Around the summer of 2001, he looked up the names and the cities of relatives, including a surviving brother Fred, and began making phone calls.
"I said 'Hi. My name is Chris Barton, and I'd like to write a children's book about how Bob and Joe Switzer invented Day-Glo.' "
"I figured there were two likely reactions. Enthusiasm, because, you know, who wouldn't like their father or their brother or their husband to be immortalized in a book for young readers?
And caution, because 'Who is this Chris Barton and why can't I find any other books by him?"
Bob and Joe's younger brother Fred (who was at that time in his 70's), Bob's widow Pat, and Joe's first wife Elise (both in their 80's) consented to interview after interview. They sent family photos, newspaper clippings, and a homemade video documentary.
"Later, one of Bob's sons, sent me the original letters of correspondence, not copies, but the actual original materials that the brothers kept in the mid 1930's while they were conducting their first experiments ... These should have been in the Smithsonian, but instead they were with me at Kinkos ..."
By late summer 2001, he had written enough of a draft that he was ready to share it at a critique session with the Austin SCBWI - a 3 page double-spaced manuscript which didn't even get to the point of where the Switzer brothers had first conceived of their invention.
"I didn't know how long a picture book manuscript was supposed to be, and that explains how I wound up submitting to several editors a picture book manuscript that was 6,200 words long."
"There is nothing quite as bone-headed as trying to submit a 6,200 word picture book."
Chris Barton shows us his original "6,200 word picture book" manuscript. |
"You have do more than just believe strongly in your own work or believe in the story that you're trying to tell ..... there are things that you have to know, and if you don't know them you owe it to yourself to learn what they are."
"You have to know the market, you have to know your audience, you have to know your technique, and you have to take seriously the feedback that you receive."
"And then based on knowing all those things, you have to have the ... ability to simply reach a different conclusion about your prospects and all those people who keep telling you no."
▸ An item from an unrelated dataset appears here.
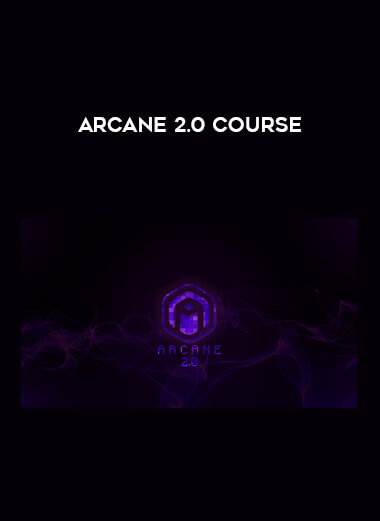 Arcane 2.0 Course of https://crabaca.store/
"I got 23 rejections for The Day-Glo Brothers before it got accepted."
Then he met Jeanette Larson, Youth Services Manager for the Austin Public Library in late 2003.
"Jeanette had industry connections and a sharp editorial eye." She critiqued the manuscript and suggested some publishers.
"I cannot overstate how important it is to sincerely cultivate genuine interpersonal connections with the people in this industry."
In January of 2004, at the American Library Association Conference, Jeanette Larson talked to Yolanda LeRoy, who was an editor at Charlesbridge Publishing. Nine months later Chris had a contract with Charlesbridge for The Day-Glo Brothers.
It took 3 years from the beginning of his research to the contract, and another 5 years before the book actually came out.
"You know, there's 23 other publishers that I submitted The Day-Glo Brothers to ... a couple of questions seem obvious."
"Number One: What took me so long to submit that manuscript to Charlesbridge since they were so obviously the right home for the Switzer story?"
"And Two: What did Charlesbridge see in The Day-Glo Brothers that all those other publishers didn't?"
"If there's someone in the audience who is interested in writing, that worries that they may not know everything they need to know in order to get published, or in order to write at all - I am ample proof that you can get by with a lot of ignorance and and still write and still succeed and do what you enjoy doing."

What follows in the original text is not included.